New York est restée la première place financière mondiale, devançant plus que jamais Londres et les places européennes ou asiatiques émergentes. Son omnipotence se manifeste sur tous les marchés financiers et les fonds d’investissement, banques et hedge funds américains sont prédominants. Le règne de la Fed ne s’est pas démenti, comme ses interventions de ces mois derniers sans équivalent l’ont démontré. Venant de doucher les investisseurs avec de sombres prévisions économiques pour l’économie américaine, elle a entamé l’achat d’obligations d’entreprises sur le marché secondaire après en avoir fait autant sur le marché des fonds indiciels (ETF).
La banque centrale a toutefois un rôle qui dépasse de loin les frontières américaines. En raison du statut du dollar, elle intervient sur le marché mondial dont elle est chargée de la surveillance afin d’éviter les accidents de parcours. Elle a pour cela une arme à sa disposition, les accords de swaps de devises (d’échanges) avec les autres banques centrales qu’elle ne s’est pas privée d’utiliser. Quatorze d’entre elles en ont bénéficié, débordant le cercle habituel des banques centrales des pays « développés ». Il y avait en effet urgence à intervenir sur les marchés émergents, durement secoués par le retrait massif de capitaux occidentaux.
Une pénurie de dollar sur le marché mondial susciterait en effet un gel du système financier, rendant impossible le remboursement de dettes souvent libellées en dollars et le règlement de transactions commerciales qui en réclament également. Ayant dû dégeler en catastrophe le marché des fonds monétaires, la Fed a préféré prendre les devants sur celui de la dette des pays « émergents ». Ses opérations sont mondiales.
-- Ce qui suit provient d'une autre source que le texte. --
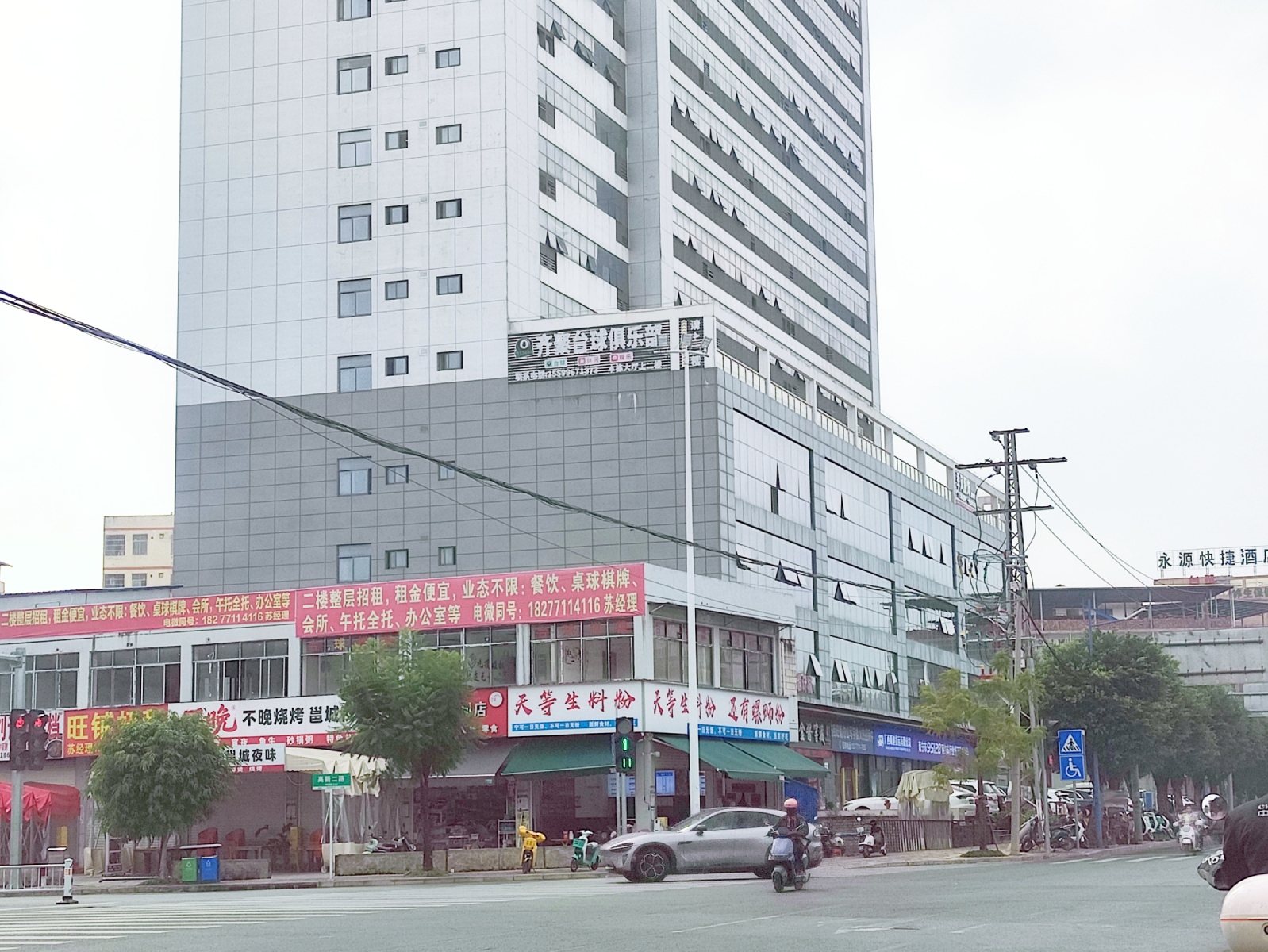 西乡塘区科园西十路与高新二路交汇处科西商业街，一楼多间铺面和二楼铺面招租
Le mécanisme a tout de la simplicité. Avec les dollars dont elles disposent grâce à ces swaps, les banques centrales de ces pays achètent des obligations émises en dollar des gouvernements, et tout le monde est content. Ceux-ci ont préféré s’endetter à nouveau au lieu de rechercher une restructuration de leur dette existante, craignant la foudre des marchés quand elle est détenue par des investisseurs privés. Le faible niveau des taux sur les marchés obligataires découlant de la politique monétaire des banques centrales a fait le reste. Sur le marché international, l’intervention de la Fed a donné confiance aux investisseurs qui y ont été de leur écot, renversant la vapeur pour revenir dans les pays « émergents » après s’en être retirés.
Mais gare au prochain tournant, quand il faudra procéder aux remboursements de cet endettement supplémentaire ! Les banques centrales achetant la dette de leurs pays, c’est elles qui seront en première ligne. De quoi alimenter les discussions sur leurs nouvelles missions, auxquelles elles n’échappent pas. Quid, à ce propos, de la réévaluation stratégique de la BCE annoncée à grands fracas par Christine Lagarde lors de sa prise de fonction ?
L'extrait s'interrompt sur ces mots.